Thankfully, he lives less than two minutes from The Open Book so I raced downstairs and through the hot cocoa hot tub and past a herd of German tourists snapping selfies in front of the chocolate-splattered mayhem and down Main Street and into my best friend Benji’s back yard and there he was, holding hands with my heart.
“Hi Benji!” I shouted.
“Hi Alexander,” he replied calmly.
“I really wanted to show you this beautiful piece of rose quartz, but my heart got away from me again and it may have eaten Valentine and Miss Arrow and a whole bunch of other wonderful things and I need you to teach me how to keep my heart in my chest like you do,” I said, still catching my breath.
“Oh, that’s easy,” my best friend Benji said. “You just need to love yourself as much as you love me and then your heart won’t ever run away.”
So we sat there and I made a list of things that I loved about myself. My curiosity, my creativity, my passion, my kindness, my humor, my honesty, my imagination, all of my emotions, my whole mind, my green eyes, my big feet, my skinny toes, my birthmarks, my belly button, my double-jointed thumb, my whole body, and most of all, my love.
When we were done, I gave Benji a big hug, but I gave my heart an even bigger one. I hugged it so tight that butterflies flew out, then flowers, then Valentine and his leaf-blower, then a puddle of hot cocoa, then a mountain of books, and finally Miss Arrow and her rocking chair!
“But where’s the rose quartz?” asked Benji.
“It’s still in my heart but I have a solution,” I said and I started stripping off my clothes.
“What are the heck are you doing, Alexander?” yelled Benji and for the first time ever, he was not calm.
“Trust me. I think I maybe might possibly perhaps sort of know what I’m doing,” I said, tying my hat to my shirt then my shirt to my belt then my belt to my pants then my pants to my socks then my socks to my shoelaces then my shoelaces to my shoes before flinging the clothing lifeline into my heart.
“Hold on to my shoes!” I shouted. “I’m going in!”
Now instead of having my heart inside of me, I was inside my own heart and yes, it was red and yes, it was bloody, but not at all gory but bright and gleaming like stained glass. Inside, I could feel all the forms of love still lingering in the air like pollen. The way loving nature feels. The way loving a book feels. The way loving chocolate feels. The way loving a friend feels. The way loving yourself feels.

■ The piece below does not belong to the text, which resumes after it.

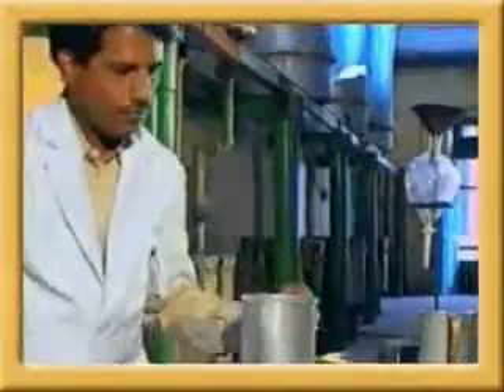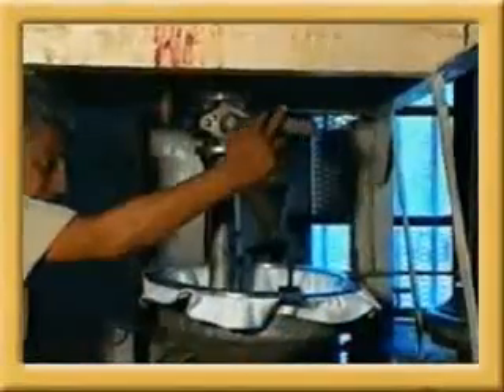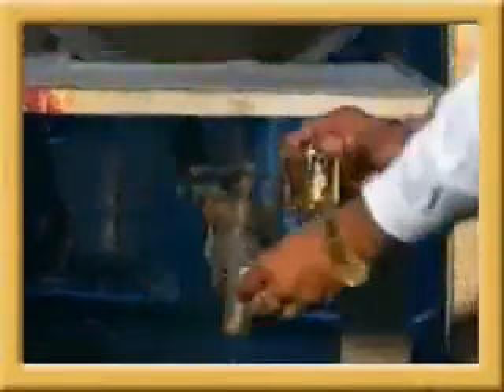The separated sandalwood oil is weighed and shifted to the purification section in aluminum cans. The crude oil received from the distillation section contains moisture and sediments and is sucked into the drying and filtration unit under vacuum. After drying, the moisture-free oil is passed through a filter cloth to remove sediments. This is called purified sandalwood oil, ready for further grading.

So I kept feeling around my heart until I put my hand on the pink crystal and, in a flash, my heart was inside of me again and I was back in Benji’s back yard and Valentine and Miss Arrow were gone and so was all the mess and now I was laughing like nothing had ever happened because I made up a whole story on my way to Benji’s house inspired by the people and places along the way.
“This is for you,” I said, handing Benji the rose quartz.
“Thanks Alexander,” he said. “Why are you so out of breath? Did you run here?”
“I took a little detour through the Butterfly Garden and The Open Book,” I said.
“Did you stop at Bookmark’s?”
“How’d you know?” I asked.
“There’s chocolate all over your face.”